Sabe-se que os metais pesados representam riscos cumulativos, e não apenas agudos, persistindo muito tempo após o fim da mineração e subindo na cadeia alimentar.

Os metais envolvidos na mineração de antimônio são conhecidos por serem cronicamente tóxicos e potencialmente cancerígenos, especialmente quando os elementos entram nas águas subterrâneas através do escoamento, enquanto o contato com a pele e o consumo de água contaminada representam uma série de riscos para os residentes, como mostram pesquisas recentes.
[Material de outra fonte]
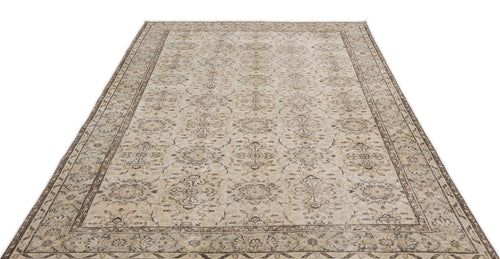 Atina Beige Vintage Wool Handmade Area Rug 6'2" x 9'1"
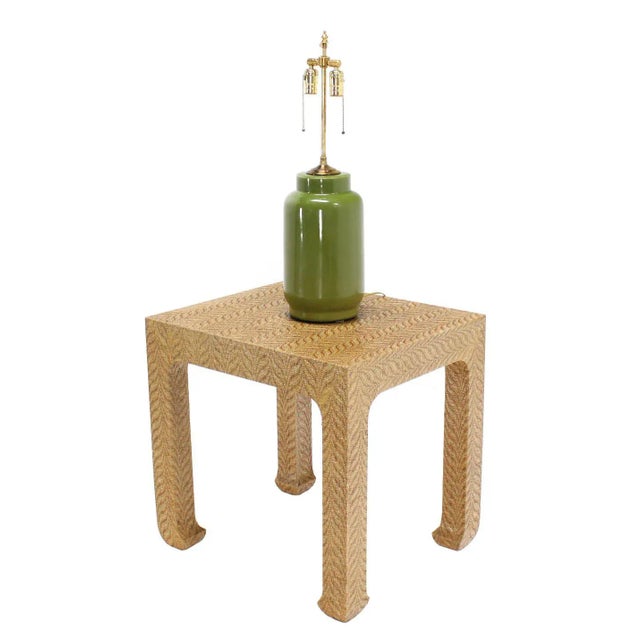 Vintage Mid Century Brass Glazed Pottery Ceramic Cylinder Base Table Lamp For Sale - Image 4 of 8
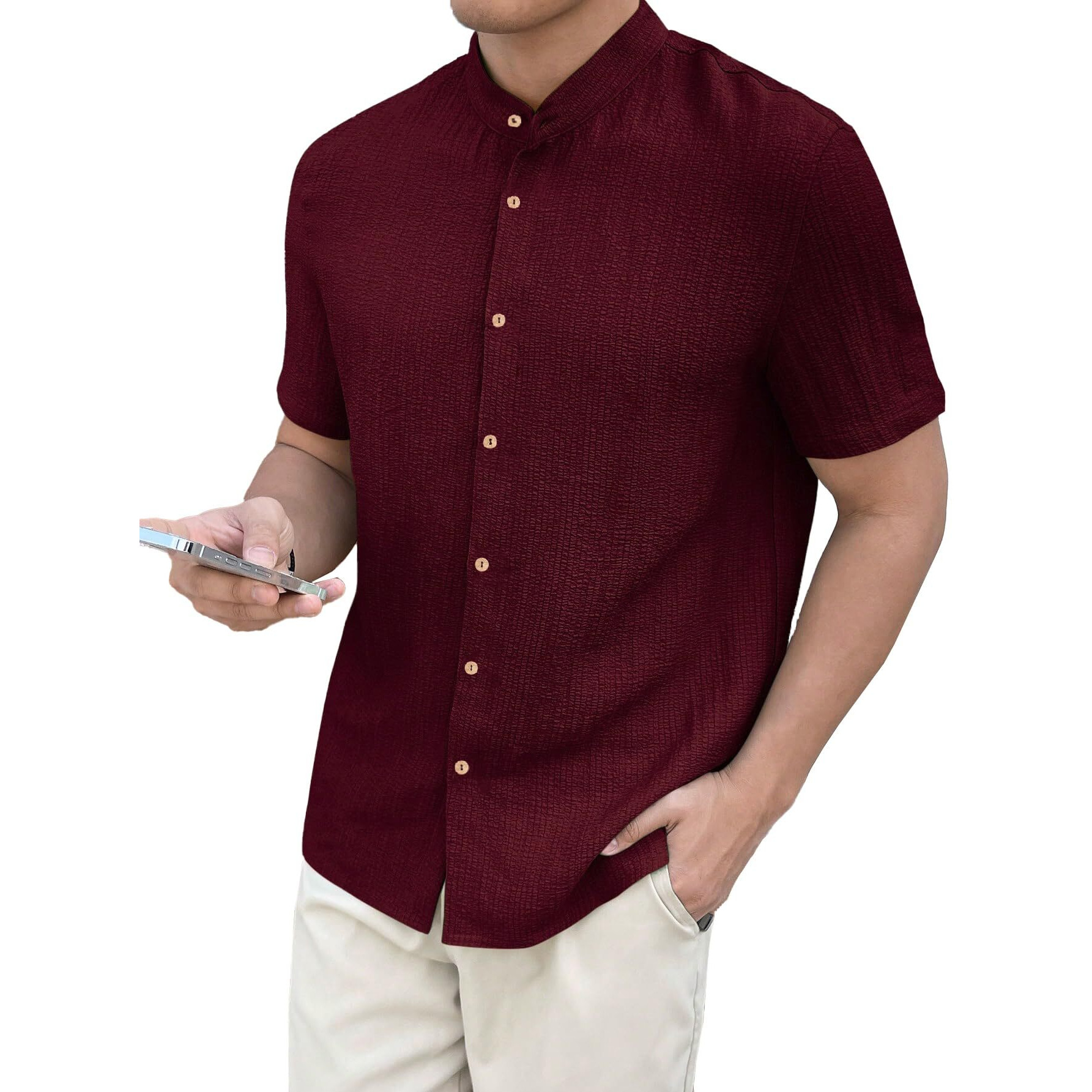 Toplot Men's Solid Regular Fit Shirt (Popcorn-Mandarin-5210-Maroon-S_Maroon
No caso de Chios, as autoridades governamentais prometeram que controles ambientais rigorosos acompanhariam qualquer exploração ou exploração.

As empresas que apresentaram propostas em resposta ao concurso público do governo para 2025, incluindo a TERNA, o Grupo Heracles, a Gaia Meleton e a Geotest Chionis, não responderam às perguntas do Epoch Times.
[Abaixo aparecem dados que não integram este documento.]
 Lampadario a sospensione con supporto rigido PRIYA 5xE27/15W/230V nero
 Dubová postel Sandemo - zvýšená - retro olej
Autoridades locais, incluindo o prefeito de Chios e o presidente do Conselho de Chios, não responderam aos repetidos pedidos de informação sobre o projeto de antimônio proposto.
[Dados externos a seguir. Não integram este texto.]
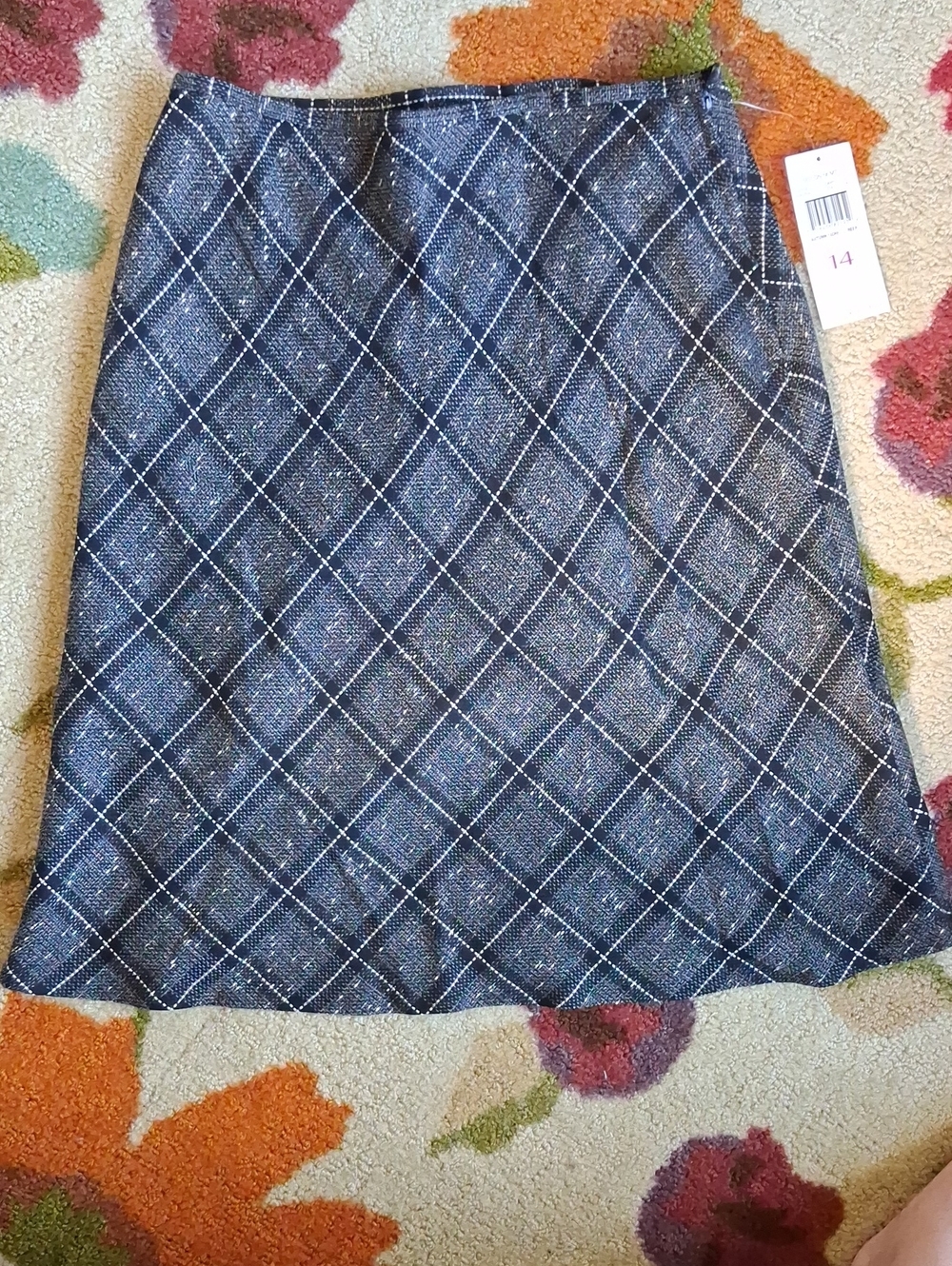 villager Navy Diamond-Grid A-Line Skirt with Metallic Accent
Escritórios de mineração em Atenas, Grécia, em 16 de novembro de 2025. À medida que as operações multinacionais de mineração se expandem novamente por todo o país, a Grécia enfrenta uma nova guerra: externamente, contra o domínio maligno da China sobre o futuro da tecnologia e, internamente, sobre como seus recursos naturais serão utilizados. John Fredricks/The Epoch Times

“Uma grande mudança”

Entre as ilhas gregas, Chios é relativamente subdesenvolvida.

É o único lugar no mundo que produz “masticha” ou goma de mastique, uma resina coletada de um arbusto mediterrâneo que tem sido usada como panaceia médica há milhares de anos. E tem mantido uma indústria turística robusta sem ser colonizada pelos megaprojetos turísticos com tudo incluído típicos de outras ilhas.

Até agora, isso levou a um modelo “equilibrado e sustentável”, disse Costas Moundros, presidente da Organização de Turismo de Chios, ao Epoch Times.

“Seus dois pilares principais são a atividade marítima e a produção de mastique, que formam a base de sua identidade econômica e cultural”, disse ele. “Esses setores são os principais motores do crescimento.”

Kostas Moundros, presidente da Organização de Turismo de Chios, em frente ao seu escritório em Chios, Grécia, em 13 de novembro de 2025. John Fredricks/The Epoch Times

A decisão de extrair antimônio representa uma “grande mudança” com consequências potencialmente profundas, segundo Moundros.

“O estado colocou efetivamente os cidadãos diante de uma nova realidade que pode alterar o panorama social, ambiental e econômico da ilha”, disse ele.

“Isso ocorreu sem consulta prévia, diálogo público ou uma avaliação transparente dos riscos e benefícios potenciais.”

Grupos ambientalistas, incluindo a Sociedade para o Meio Ambiente e o Patrimônio Cultural, se opuseram no ano passado ao projeto de mineração proposto, citando uma séria ameaça à “área, que é designada como zona protegida Natura 2000”, bem como à saúde das comunidades vizinhas e à produção agrícola de mastique.

Após um esforço de divulgação pública que os críticos ridicularizaram como “autoritário e unilateral”, a comoção social levou a um período de comentários públicos, com contribuições de cientistas, organizações culturais e outras partes interessadas.

O advogado Panos Lazaratos, que apresentou petições para anular o projeto, indicou em um fórum público em abril de 2025 que os residentes têm um caso jurídico forte, mas enfatizou que a luta está longe de terminar.

Uma pedreira vista da rodovia nos arredores de Chios, Grécia, em 12 de novembro de 2025. John Fredricks/The Epoch Times

No final de 2025, os funcionários públicos da prefeitura de Chios encolheram os ombros quando questionados sobre a pausa.

“É temporário”, disse um deles ao Epoch Times. “Vai recomeçar.”

Theodorou disse: “Nossa comunidade está unida e determinada a proteger esta pequena ilha de um projeto que acreditamos que possa causar danos irreversíveis ao meio ambiente e à saúde pública.

Precisamos de ajuda... mas não queremos que seja do governo.”

Ele apontou para os bosques em socalcos, os edifícios de pedra e as praias espetaculares que rodeiam Volissos.

“Eles querem transformar isto numa aldeia fantasma”, disse Theodorou.

Outras aldeias semi-desertas podem não oferecer tanta resistência, disse ele.